Tusk an Merkel: Flüchtlingswelle stoppen! Ankömmlinge eingehend überprüfen! Runter von den gewaltigen Zahlen! Eine erstaunlich undiplomatische Botschaft, die der Präsident des Europäischen Rates im Interview mit der „Süddeutschen Zeitung“ in Richtung Berlin schickt. Er nennt die Kanzlerin nicht namentlich, aber sie ist unzweifelhaft die Hauptadressatin. Tusk bezieht deutlich die Gegenposition zu seiner langjährigen Weggefährtin.

Eine Kehrtwende stellen die Aussagen des früheren polnischen Regierungschefs aber nicht dar, jedenfalls nicht inhaltlich. Dass die EU-Staaten zuallererst ihre Außengrenzen dicht machen müssen – diese Meinung vertritt Tusk seit Monaten. Auch gegen eine übertriebene Willkommenskultur hat er schon öffentlich den Zeigefinger erhoben. In einer Brandrede vor dem EU-Parlament warnte Tusk im Oktober vor „einer politischen Katastrophe“, wenn Europa seine Zugänge nicht wirksam kontrolliere. Nur hatte er die Konsequenzen bislang nicht ausbuchstabiert. Und er hat es vermieden, direkt anzusprechen, dass er an diesem Punkt über Kreuz liegt mit dem, was „manche politische Anführer“ in der EU sagen.

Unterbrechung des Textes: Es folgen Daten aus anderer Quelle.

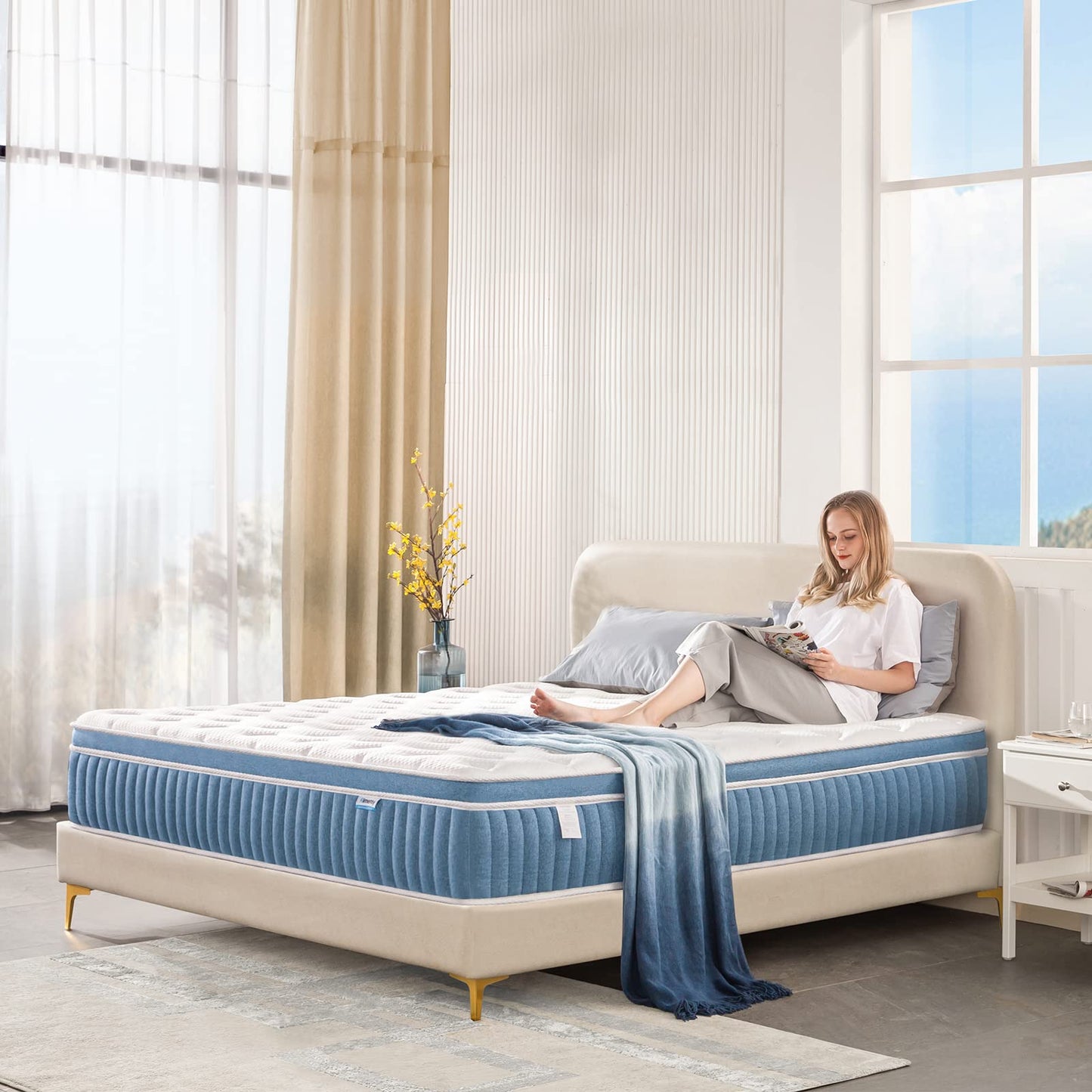 Rimensy King Mattress, 14 Inch Hybrid Mattress in a Box, Gel Foam Mattress, Individually Wrapped Pocket Coils Innerspring Mattress, Support & Pressure Relief, Medium, 76"*80"*14"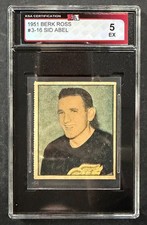 1951 Berk Ross #3 - 16 Sid Abel Hockey Card KSA 5 EX Detroit Red Wings NHL Vtg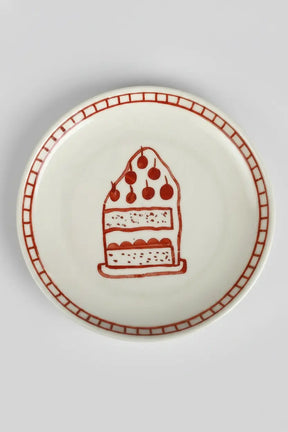 Ceramic Celebration Dessert Plate Red ( Set Of 2 ), 7 Inches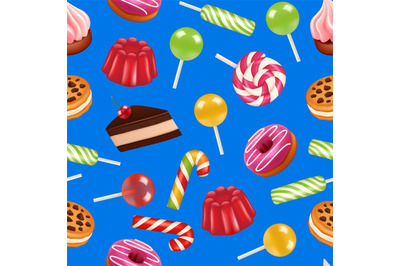 Vector realistic sweet candy pattern or background illustration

Eigentlich schätzen sich Tusk und Merkel

Persönlich sind Donald Tusk und Angela Merkel einander zugetan. Im Laufe der Jahre ist eine Partnerschaft gewachsen, in der beide zu schätzen lernten, was sie am jeweils anderen haben. Nicht nur weil Merkels CDU und Tusks Bürgerplattform zur selben Parteifamilie, der Europäischen Volkspartei, gehören. Mit dem Wahlsieg über die PiS der Zwillinge Kaczynski 2007 erlöste der Pole die Bundeskanzlerin aus einer quälend schwierigen Beziehung zum östlichen Nachbarn. Unter Tusk wurde Polen zu einem verlässlichen, proeuropäischen Mitspieler.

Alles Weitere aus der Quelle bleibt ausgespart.